» **Exercise**: Quote exactly the lines from the one with "2018 TOYOTA COROLLA LE 7" to the end of the data, both included; omit the pictures.

Short descriptive text snippets:
━━━━━━━━

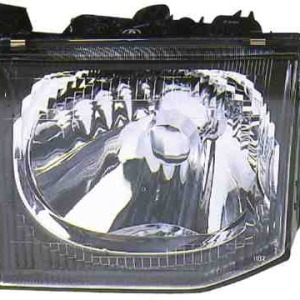 LAMPE FRONTALE GAUCHE-H4-MAN MR391879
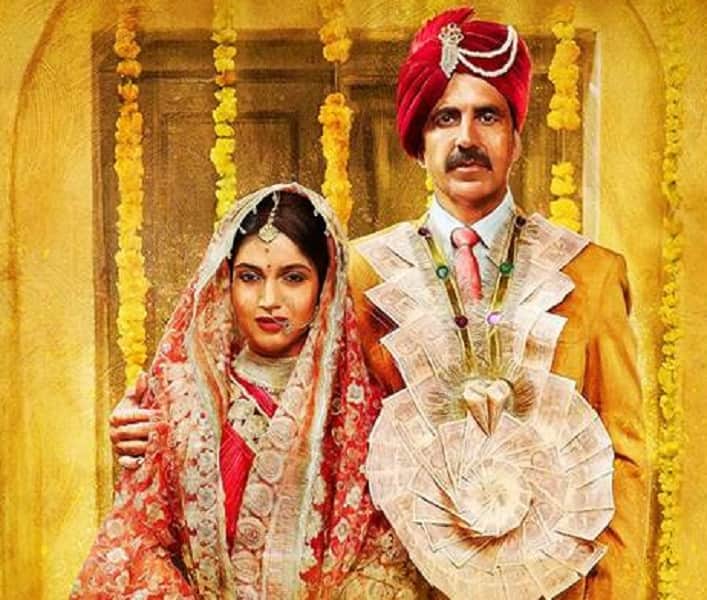 Bill Gates praises Akshay Kumar film Toilet Ek Prem Katha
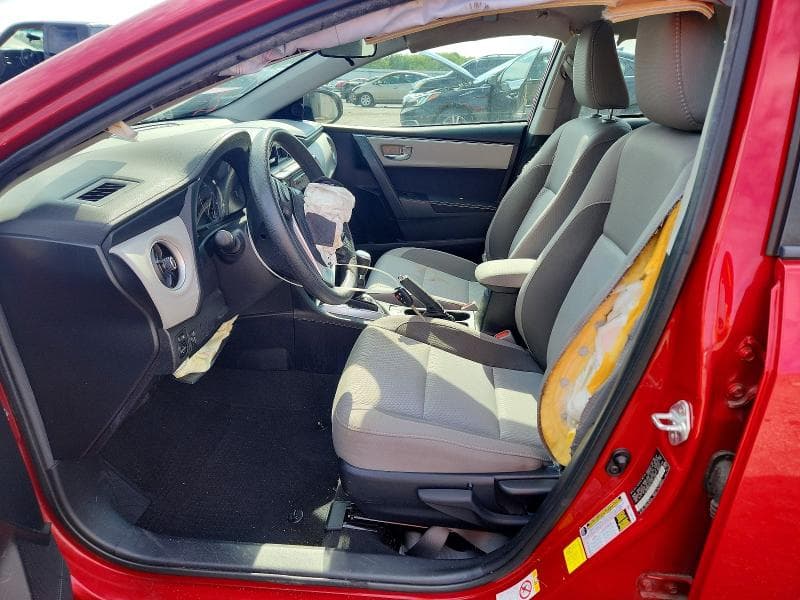 2018 TOYOTA COROLLA LE 7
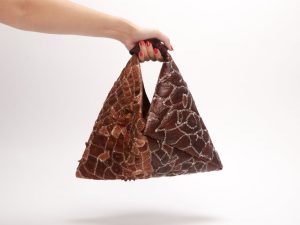 PEEL Turns Discarded Fruit Skins Into Living Fabric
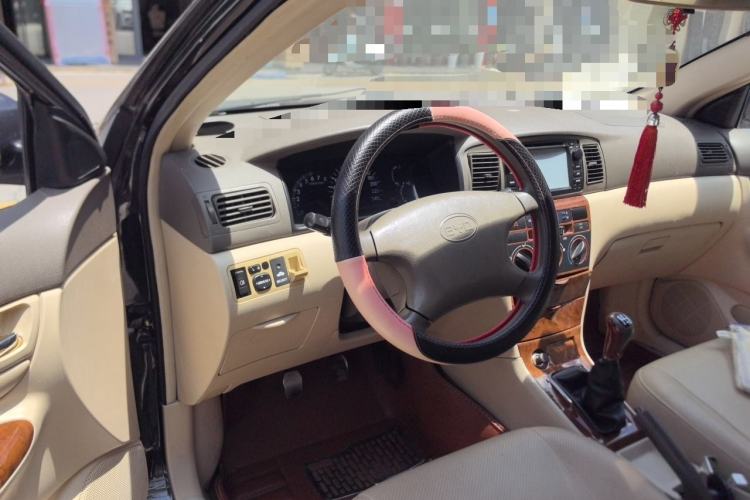 Used BYD F3 2011 1.5L New Platinum Edition Comfort Version Steering Wheel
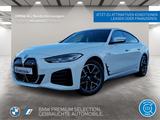 BMW i4 eDrive40 Gran Coupé M Sport Navi Kamera HiFi - BMW i4: Weiß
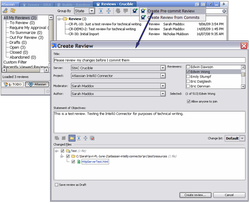 Crucible-CreatePrecommitReview-Annotated.png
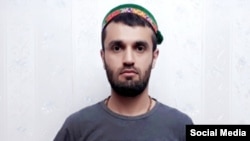 Maqsud Ghayosov 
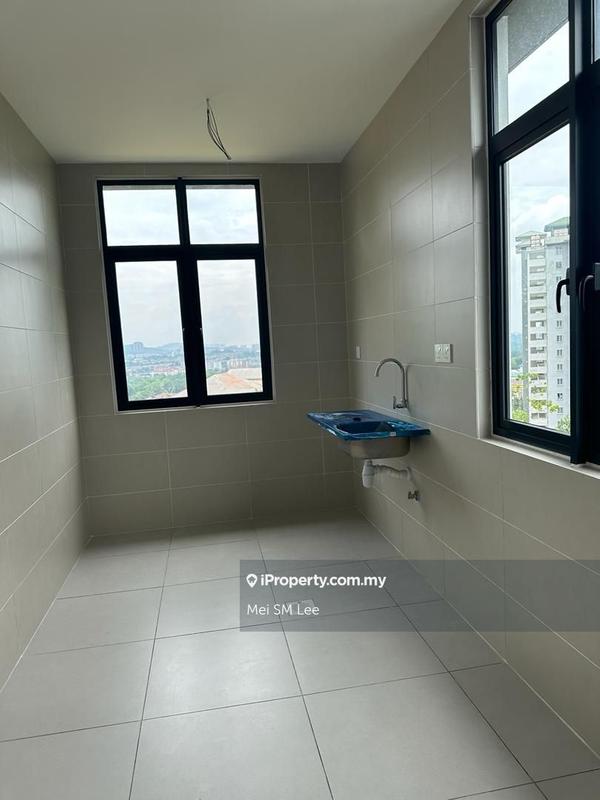 Rumah Berkembar untuk Dijual di Residensi Bukit Orkid (Orchid Hill), Cheras oleh Mei SM Lee - Residensi Bukit Orkid (Orchid Hill) Kitchen - iProperty.com.my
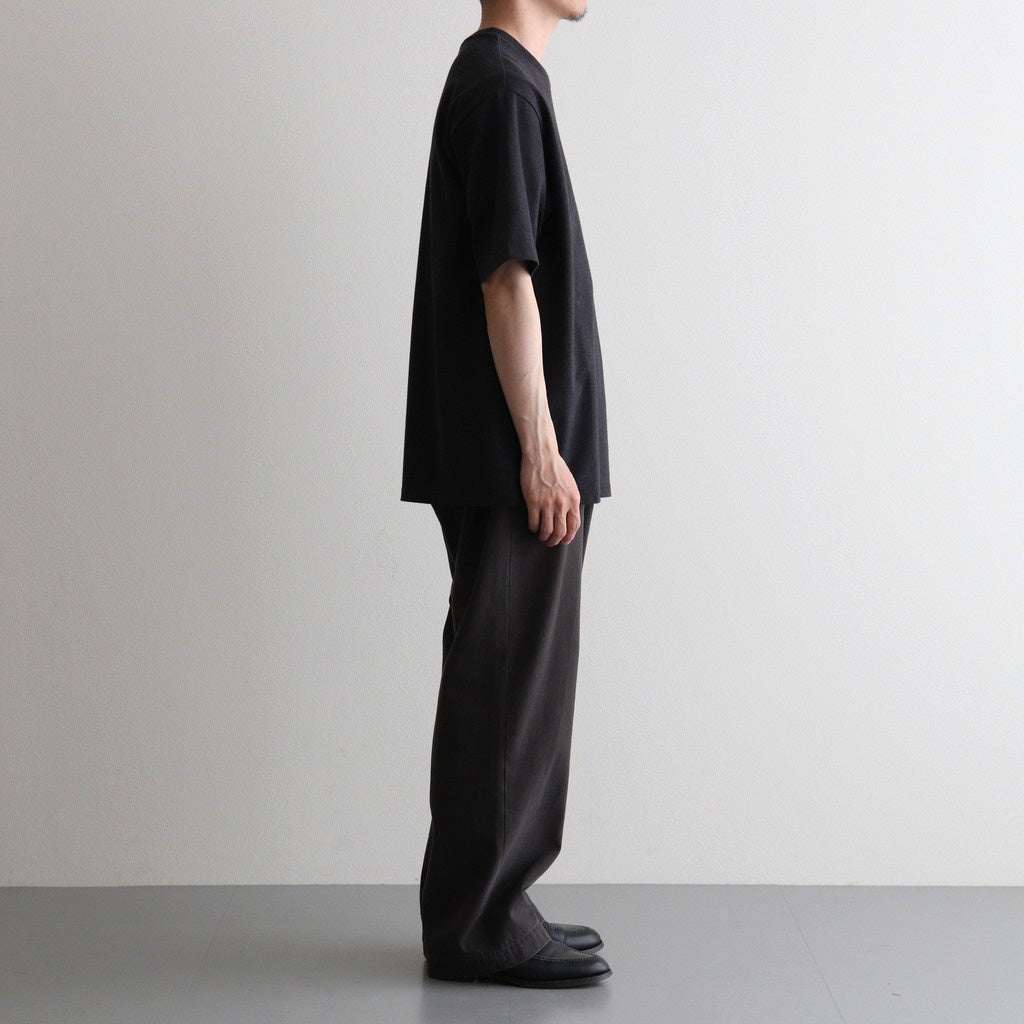 U.S. ARMY CHINO TROUSERS #CHARCOAL [M26B15PT01C]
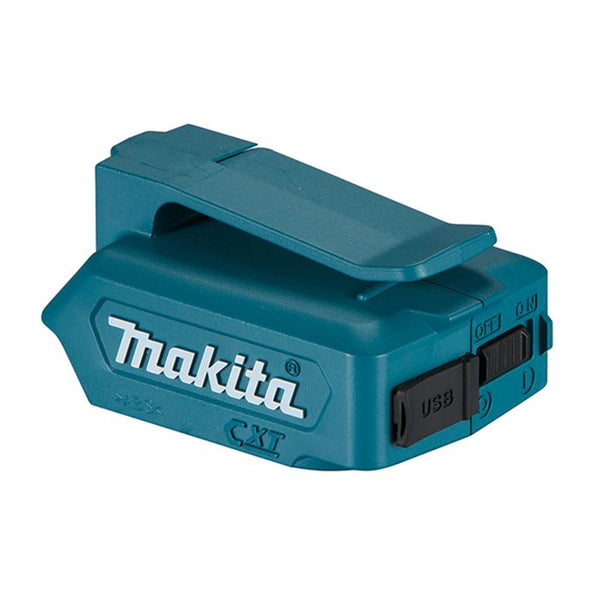 Makita 12V MAX CXT USB Power Port Model#: ADP06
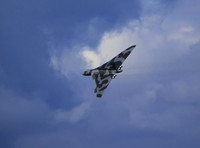 Avro Vulcan B2 XH558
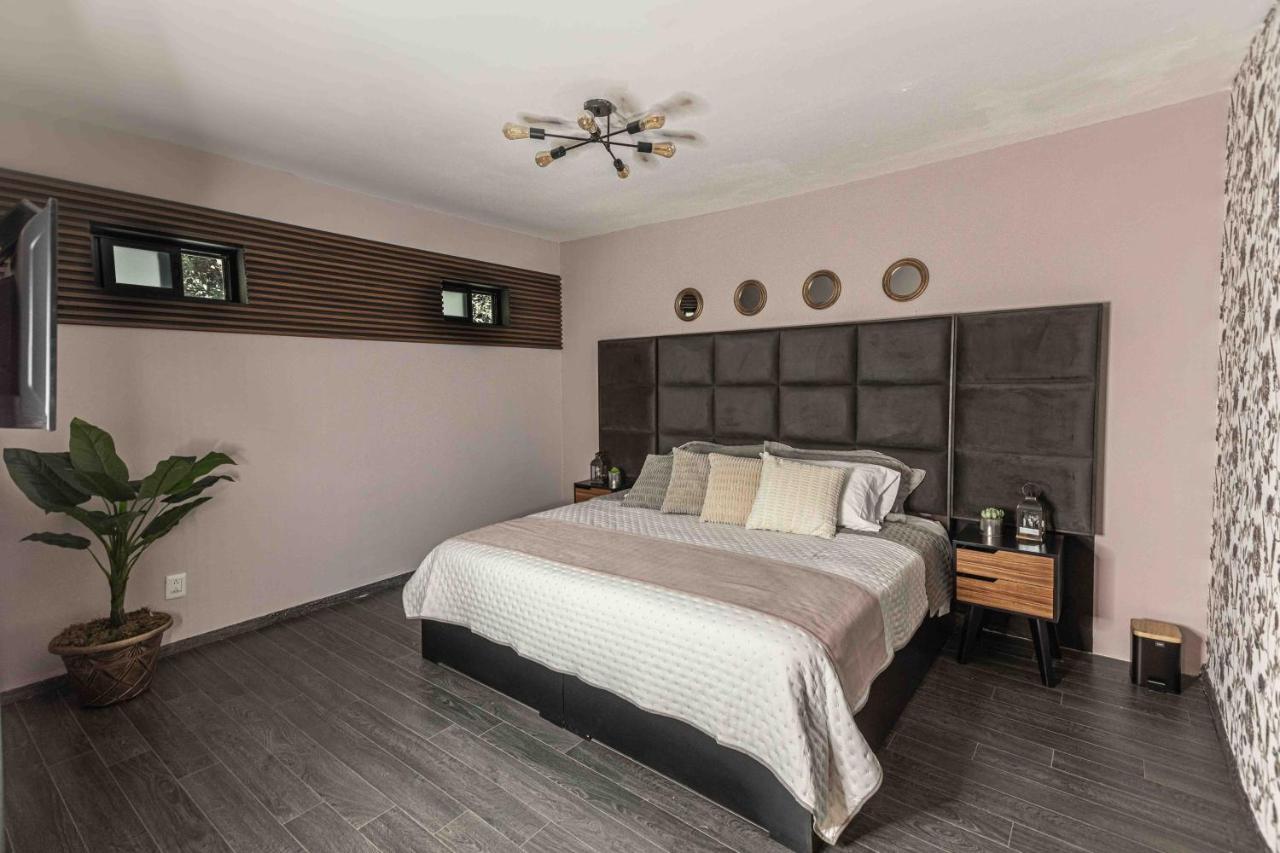 Morada Luna Polanco Meksika Dış mekan fotoğraf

━━━━━━━━

» **Solved problem**:
 2018 TOYOTA COROLLA LE 7
 PEEL Turns Discarded Fruit Skins Into Living Fabric
 Used BYD F3 2011 1.5L New Platinum Edition Comfort Version Steering Wheel
 BMW i4 eDrive40 Gran Coupé M Sport Navi Kamera HiFi - BMW i4: Weiß
 Crucible-CreatePrecommitReview-Annotated.png
 Maqsud Ghayosov 
 Rumah Berkembar untuk Dijual di Residensi Bukit Orkid (Orchid Hill), Cheras oleh Mei SM Lee - Residensi Bukit Orkid (Orchid Hill) Kitchen - iProperty.com.my
 U.S. ARMY CHINO TROUSERS #CHARCOAL [M26B15PT01C]
 Makita 12V MAX CXT USB Power Port Model#: ADP06
 Avro Vulcan B2 XH558
 Morada Luna Polanco Meksika Dış mekan fotoğraf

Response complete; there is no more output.